_Exercise instructions_
Only the lines from the one with "UNI-T UT18D Meter" through the final line below belong in the answer, copied exactly and without pictures.

_Dataset excerpts_
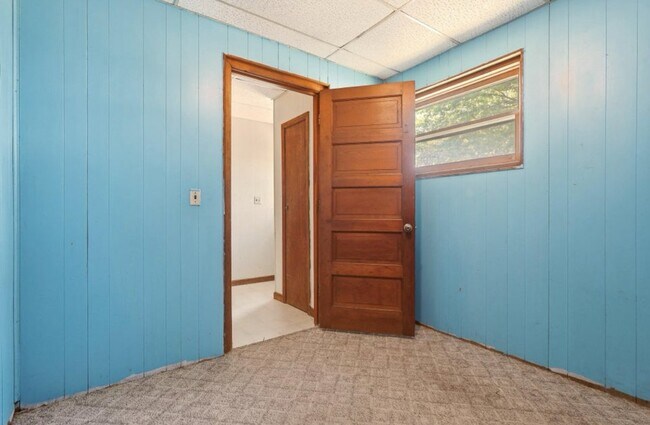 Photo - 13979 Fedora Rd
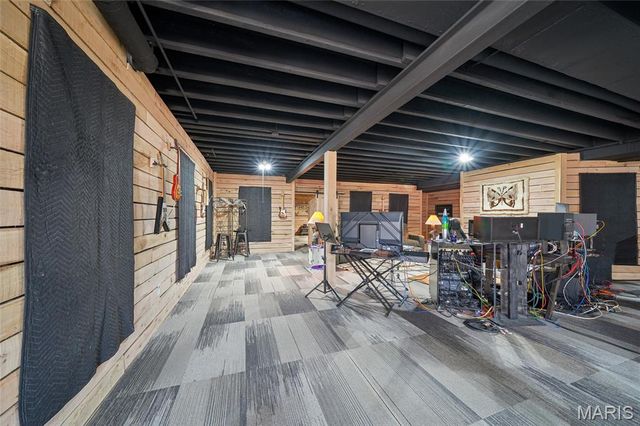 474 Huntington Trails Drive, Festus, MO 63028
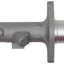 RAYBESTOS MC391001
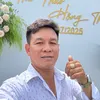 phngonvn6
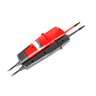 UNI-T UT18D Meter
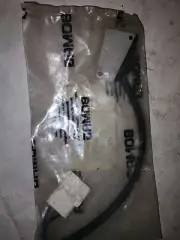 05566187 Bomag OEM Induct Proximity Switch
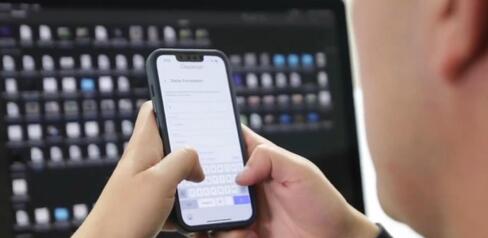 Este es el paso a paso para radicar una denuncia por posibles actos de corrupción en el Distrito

_Response area_
 UNI-T UT18D Meter
 05566187 Bomag OEM Induct Proximity Switch
 Este es el paso a paso para radicar una denuncia por posibles actos de corrupción en el Distrito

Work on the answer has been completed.